Photo of Sylvia Heal Sylvia Heal Deputy Speaker

With this it will be convenient to take Lords amendment No. 4.

Photo of Alun Michael Alun Michael Minister of State (Rural Affairs), Department for Environment, Food and Rural Affairs

The Lords amendments will exclude most farmland, woodlands, reedbeds, osier beds, market gardens, nursery grounds, orchards, other land on farms designed in regulations by the Secretary of State or, of course, by the National Assembly in relation to Wales, and any land included in a site of special scientific interest, plus most forms of water—rivers, lakes, ponds and so on—from the application of the statutory nuisance regime to insects that emanate from them, thus meeting the concerns that clause 101 would adversely affect biodiversity by incurring action against concentrations of naturally occurring insects on farmland.

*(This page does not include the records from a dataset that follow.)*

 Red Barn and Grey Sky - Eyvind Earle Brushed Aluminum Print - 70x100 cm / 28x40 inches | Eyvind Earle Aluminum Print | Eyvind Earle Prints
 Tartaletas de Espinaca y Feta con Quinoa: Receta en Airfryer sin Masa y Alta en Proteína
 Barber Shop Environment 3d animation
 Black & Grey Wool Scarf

I am sure that it is generally agreed by hon. Members on both sides of the House that we want to encourage biodiversity, and it was never the intention that the Bill should apply in those circumstances. Organisations, such as Buglife, expressed some concern that there could be an unintentional misuse of what is generally agreed to be a positive measure in the Bill. I am happy that the Lords amendments improve the Bill and deal with that concern, and I am therefore happy to commend them to the House.

Photo of Anne McIntosh Anne McIntosh Shadow Minister (Environment, Food and Rural Affairs), Shadow Minister (Transport)

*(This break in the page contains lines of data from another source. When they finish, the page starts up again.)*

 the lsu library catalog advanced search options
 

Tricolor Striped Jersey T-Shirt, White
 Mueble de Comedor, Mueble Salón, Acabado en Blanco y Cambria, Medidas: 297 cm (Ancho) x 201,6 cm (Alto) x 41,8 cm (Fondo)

I congratulate the right hon. Gentleman on listening to the concerns of what is a very important industry to the UK. As my constituency is probably substantially more rural and agricultural than his, the fact that, without these Lords amendments, set-aside would otherwise have been introduced would not have been very well received, so I congratulate him and those in the other place for taking action. The Lords amendments will be most warmly received by the bugs industry, and indeed its beneficiaries—the producers and growers.

Photo of Mr Richard Allan Mr Richard Allan Shadow Spokesperson for the Cabinet Office, Cabinet Office, Shadow Spokesperson (Business, Innovation and Skills), Shadow Spokesperson (Trade and Industry)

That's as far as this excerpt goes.